BEGIN

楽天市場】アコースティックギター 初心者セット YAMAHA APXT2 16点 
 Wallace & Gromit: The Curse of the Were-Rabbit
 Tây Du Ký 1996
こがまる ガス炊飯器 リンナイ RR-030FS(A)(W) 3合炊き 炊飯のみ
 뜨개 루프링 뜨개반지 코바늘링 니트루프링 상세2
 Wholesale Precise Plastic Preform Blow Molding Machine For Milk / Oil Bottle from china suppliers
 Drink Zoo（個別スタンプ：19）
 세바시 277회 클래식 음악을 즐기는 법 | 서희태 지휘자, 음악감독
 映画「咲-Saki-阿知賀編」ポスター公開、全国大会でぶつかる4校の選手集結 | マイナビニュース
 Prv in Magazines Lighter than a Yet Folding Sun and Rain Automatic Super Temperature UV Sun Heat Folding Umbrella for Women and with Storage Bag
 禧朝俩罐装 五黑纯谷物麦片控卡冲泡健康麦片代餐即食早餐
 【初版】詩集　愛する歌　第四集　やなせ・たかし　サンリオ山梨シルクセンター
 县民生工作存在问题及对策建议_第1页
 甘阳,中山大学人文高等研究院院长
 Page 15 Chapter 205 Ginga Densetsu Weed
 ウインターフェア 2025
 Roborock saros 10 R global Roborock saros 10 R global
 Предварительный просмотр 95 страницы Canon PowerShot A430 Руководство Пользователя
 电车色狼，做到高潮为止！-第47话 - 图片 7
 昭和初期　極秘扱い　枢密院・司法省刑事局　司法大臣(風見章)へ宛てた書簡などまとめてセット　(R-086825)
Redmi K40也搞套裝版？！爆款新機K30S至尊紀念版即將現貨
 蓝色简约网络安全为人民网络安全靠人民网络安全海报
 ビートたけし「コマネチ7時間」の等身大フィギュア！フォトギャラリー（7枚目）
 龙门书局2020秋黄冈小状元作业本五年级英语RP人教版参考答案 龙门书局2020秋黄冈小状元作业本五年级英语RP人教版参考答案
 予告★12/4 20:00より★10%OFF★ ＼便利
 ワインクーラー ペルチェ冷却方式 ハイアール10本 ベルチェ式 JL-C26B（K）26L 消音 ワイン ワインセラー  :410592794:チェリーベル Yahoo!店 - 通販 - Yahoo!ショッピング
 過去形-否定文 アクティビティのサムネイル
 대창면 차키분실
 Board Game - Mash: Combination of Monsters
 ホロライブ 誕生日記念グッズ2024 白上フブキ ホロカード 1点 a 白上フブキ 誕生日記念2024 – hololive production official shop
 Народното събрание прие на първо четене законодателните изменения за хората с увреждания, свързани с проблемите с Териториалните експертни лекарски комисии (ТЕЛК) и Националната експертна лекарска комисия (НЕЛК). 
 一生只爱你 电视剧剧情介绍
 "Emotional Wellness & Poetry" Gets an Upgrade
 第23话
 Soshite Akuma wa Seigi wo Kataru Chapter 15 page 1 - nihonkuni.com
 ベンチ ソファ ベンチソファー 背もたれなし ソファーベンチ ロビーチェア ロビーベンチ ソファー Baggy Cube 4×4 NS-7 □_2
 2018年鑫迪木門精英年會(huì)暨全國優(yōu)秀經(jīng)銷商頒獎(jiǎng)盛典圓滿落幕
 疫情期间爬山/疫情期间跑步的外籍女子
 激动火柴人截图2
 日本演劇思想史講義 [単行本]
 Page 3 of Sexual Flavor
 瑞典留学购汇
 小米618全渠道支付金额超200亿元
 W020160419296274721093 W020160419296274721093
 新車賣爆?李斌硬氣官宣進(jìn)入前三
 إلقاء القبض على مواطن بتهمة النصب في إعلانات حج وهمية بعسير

END

> **WORK TO BE COMPLETED**:
Reproduce the lines from the one with "Prv in Magazines" to the end of the data exactly, leaving out every earlier line.

> **ANSWER SPACE**:
 Prv in Magazines Lighter than a Yet Folding Sun and Rain Automatic Super Temperature UV Sun Heat Folding Umbrella for Women and with Storage Bag
 禧朝俩罐装 五黑纯谷物麦片控卡冲泡健康麦片代餐即食早餐
 【初版】詩集　愛する歌　第四集　やなせ・たかし　サンリオ山梨シルクセンター
 县民生工作存在问题及对策建议_第1页
 甘阳,中山大学人文高等研究院院长
 Page 15 Chapter 205 Ginga Densetsu Weed
 ウインターフェア 2025
 Roborock saros 10 R global Roborock saros 10 R global
 Предварительный просмотр 95 страницы Canon PowerShot A430 Руководство Пользователя
 电车色狼，做到高潮为止！-第47话 - 图片 7
 昭和初期　極秘扱い　枢密院・司法省刑事局　司法大臣(風見章)へ宛てた書簡などまとめてセット　(R-086825)
Redmi K40也搞套裝版？！爆款新機K30S至尊紀念版即將現貨
 蓝色简约网络安全为人民网络安全靠人民网络安全海报
 ビートたけし「コマネチ7時間」の等身大フィギュア！フォトギャラリー（7枚目）
 龙门书局2020秋黄冈小状元作业本五年级英语RP人教版参考答案 龙门书局2020秋黄冈小状元作业本五年级英语RP人教版参考答案
 予告★12/4 20:00より★10%OFF★ ＼便利
 ワインクーラー ペルチェ冷却方式 ハイアール10本 ベルチェ式 JL-C26B（K）26L 消音 ワイン ワインセラー  :410592794:チェリーベル Yahoo!店 - 通販 - Yahoo!ショッピング
 過去形-否定文 アクティビティのサムネイル
 대창면 차키분실
 Board Game - Mash: Combination of Monsters
 ホロライブ 誕生日記念グッズ2024 白上フブキ ホロカード 1点 a 白上フブキ 誕生日記念2024 – hololive production official shop
 Народното събрание прие на първо четене законодателните изменения за хората с увреждания, свързани с проблемите с Териториалните експертни лекарски комисии (ТЕЛК) и Националната експертна лекарска комисия (НЕЛК). 
 一生只爱你 电视剧剧情介绍
 "Emotional Wellness & Poetry" Gets an Upgrade
 第23话
 Soshite Akuma wa Seigi wo Kataru Chapter 15 page 1 - nihonkuni.com
 ベンチ ソファ ベンチソファー 背もたれなし ソファーベンチ ロビーチェア ロビーベンチ ソファー Baggy Cube 4×4 NS-7 □_2
 2018年鑫迪木門精英年會(huì)暨全國優(yōu)秀經(jīng)銷商頒獎(jiǎng)盛典圓滿落幕
 疫情期间爬山/疫情期间跑步的外籍女子
 激动火柴人截图2
 日本演劇思想史講義 [単行本]
 Page 3 of Sexual Flavor
 瑞典留学购汇
 小米618全渠道支付金额超200亿元
 W020160419296274721093 W020160419296274721093
 新車賣爆?李斌硬氣官宣進(jìn)入前三
 إلقاء القبض على مواطن بتهمة النصب في إعلانات حج وهمية بعسير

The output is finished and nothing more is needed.